Given entries: Begin
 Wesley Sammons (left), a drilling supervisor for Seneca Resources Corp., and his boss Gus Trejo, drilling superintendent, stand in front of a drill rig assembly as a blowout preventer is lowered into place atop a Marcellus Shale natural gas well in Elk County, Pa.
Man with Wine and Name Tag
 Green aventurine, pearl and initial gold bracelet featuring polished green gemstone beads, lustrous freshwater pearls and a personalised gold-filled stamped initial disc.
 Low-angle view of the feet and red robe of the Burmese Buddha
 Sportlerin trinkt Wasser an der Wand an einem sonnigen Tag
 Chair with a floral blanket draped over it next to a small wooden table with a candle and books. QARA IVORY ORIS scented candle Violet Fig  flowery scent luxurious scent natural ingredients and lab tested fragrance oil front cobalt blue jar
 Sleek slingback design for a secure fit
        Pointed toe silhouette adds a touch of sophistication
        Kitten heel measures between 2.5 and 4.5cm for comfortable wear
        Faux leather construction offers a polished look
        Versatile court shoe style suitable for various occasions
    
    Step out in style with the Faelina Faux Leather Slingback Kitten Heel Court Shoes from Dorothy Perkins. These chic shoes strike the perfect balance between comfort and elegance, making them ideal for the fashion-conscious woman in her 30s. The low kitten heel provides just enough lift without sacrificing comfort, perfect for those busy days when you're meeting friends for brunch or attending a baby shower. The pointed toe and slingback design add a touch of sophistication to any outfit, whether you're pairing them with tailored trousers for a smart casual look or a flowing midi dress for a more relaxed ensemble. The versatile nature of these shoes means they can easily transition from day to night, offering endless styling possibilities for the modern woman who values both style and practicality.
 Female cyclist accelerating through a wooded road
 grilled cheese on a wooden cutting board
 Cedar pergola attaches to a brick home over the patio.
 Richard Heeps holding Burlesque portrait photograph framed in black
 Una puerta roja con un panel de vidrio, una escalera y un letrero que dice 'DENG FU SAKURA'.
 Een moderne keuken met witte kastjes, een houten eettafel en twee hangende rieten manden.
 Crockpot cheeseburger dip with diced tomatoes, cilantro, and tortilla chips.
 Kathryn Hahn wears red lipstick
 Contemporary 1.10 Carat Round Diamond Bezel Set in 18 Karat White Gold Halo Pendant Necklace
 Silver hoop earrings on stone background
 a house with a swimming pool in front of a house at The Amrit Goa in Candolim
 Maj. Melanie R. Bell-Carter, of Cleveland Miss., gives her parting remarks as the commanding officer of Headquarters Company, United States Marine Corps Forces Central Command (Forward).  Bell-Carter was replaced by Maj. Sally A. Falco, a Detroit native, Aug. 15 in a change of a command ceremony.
Given entries: End
Show each line from the material above where the string "polished" can be found.

:: Answer to this exercise ::
 Green aventurine, pearl and initial gold bracelet featuring polished green gemstone beads, lustrous freshwater pearls and a personalised gold-filled stamped initial disc.
        Faux leather construction offers a polished look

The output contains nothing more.